One of my favorite days of the year when I was a child was Valentine’s Day. Decorating the cereal box mailbox with doilies and hearts and stickers was one of my favorite crafts. And the concept of “If you bring valentines, you have to bring one for everyone” must have been established by then—or in any case, I don’t have any traumatizing memories of not getting as many valentines as other people. There was the inevitable “Someone got a BETTER and/or more SIGNIFICANT valentine”—but deciding what makes a valentine good/significant is Big Fun for some of us. (Fortunately, classroom valentines are over by the time there are serious hormones to consider.)
Little Owl valentine cards by Letter C Design on Etsy (photo from the shop).

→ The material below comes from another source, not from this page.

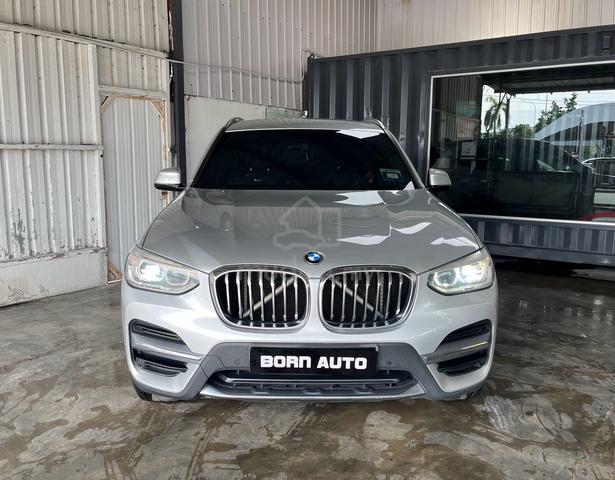 Bmw X3 2.0 xDrive30i Luxury Nice number plate - 2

We are fond of owls at our house. It is nice to have on-trend tastes: there is so much merchandise available.
Superhero girls and boys by LuckyLu Creations on Etsy (photos from the shop). The trouble with something hand-colored is that you pay extra for the hand-coloring when maybe you would have been just as happy with the color coming from the printer. Happier, perhaps. But I would have a lot of fun getting a set each of girl and boy superheros and trying to match hair color to as many kids in the class as possible.
Little Hoots school valentines by The Fox and the Teacup on Etsy (photo from the shop). I want these for myself.
Sweets classroom valentine cards by Jack & Jane Paper on Etsy (photo from the shop).
Valentine cards by Mad Design on Etsy (photo from the shop). It would be fun to decide which kid to give each valentine to.
Googly-eyed monster valentines by Pages of Inspiration on Etsy (photo from the shop). Ha! These make me laugh each time I see them.
Ninja valentines by T and Little S Designs on Etsy (photo from the shop). I like how flexible this artist is: Henry is into ninjas this year, but he wouldn’t want them anxious-eyed (NINJAS ARE TOUGH) or wearing green (NINJAS WEAR BLACK). I’d get them all in black and all with the “I just snuck in” message.
Dinosaur valentines by We & The Bean on Etsy (photo from the shop). I found these inexplicably touching. I think because the sentiment is so frank, and so appropriate for elementary school kids.